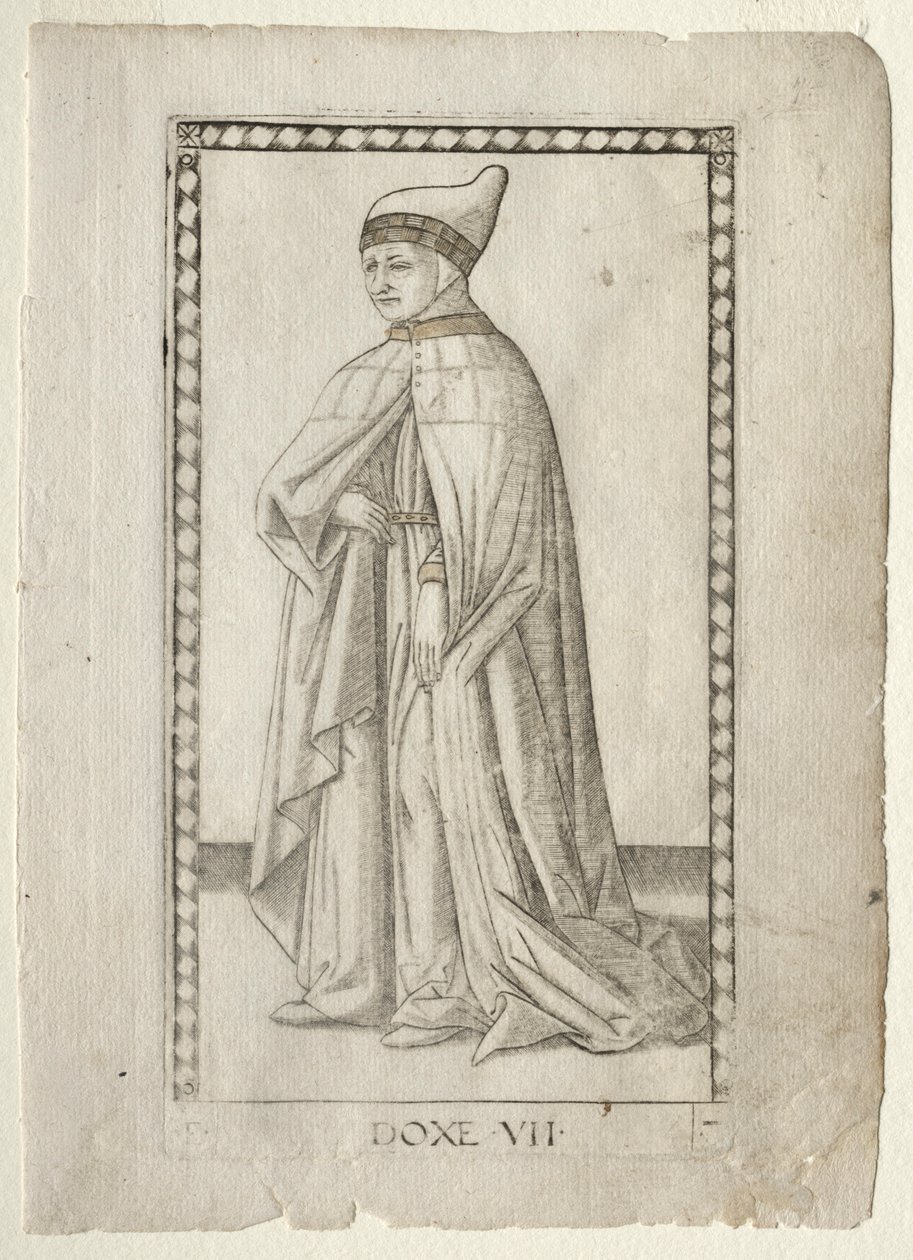 The Doge from the Tarocchi, serie E: Conditions of Man, #7 , före 1467. av Master of the E Series Tarocchi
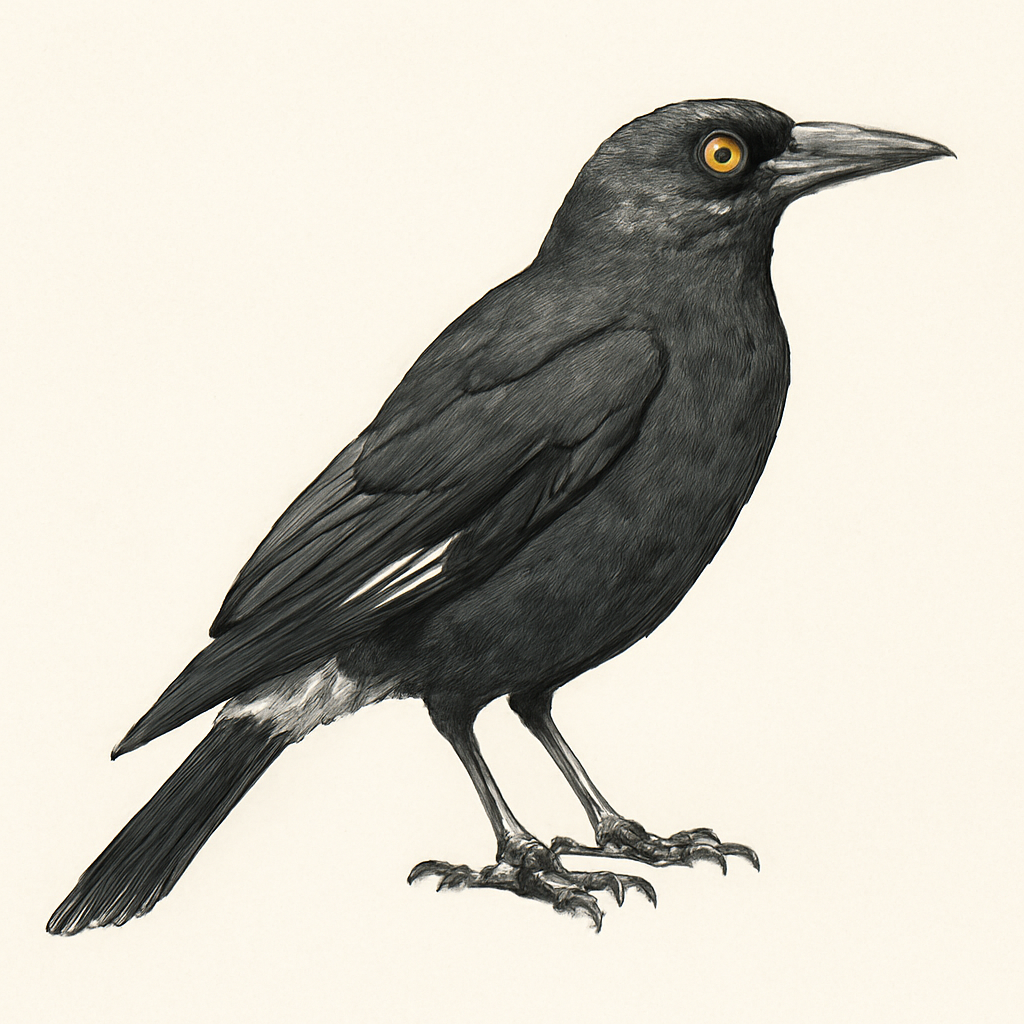 Illustrazione di Black Currawong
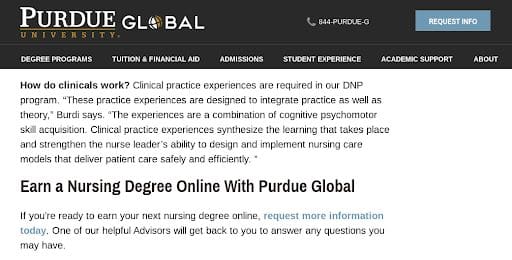 Screenshot showing a Call to Action link on Purdue University's blog.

> Brief:
Copy out all the data exactly, skipping the pictures.

> Reply to the exercise:
 The Doge from the Tarocchi, serie E: Conditions of Man, #7 , före 1467. av Master of the E Series Tarocchi
 Illustrazione di Black Currawong
 Screenshot showing a Call to Action link on Purdue University's blog.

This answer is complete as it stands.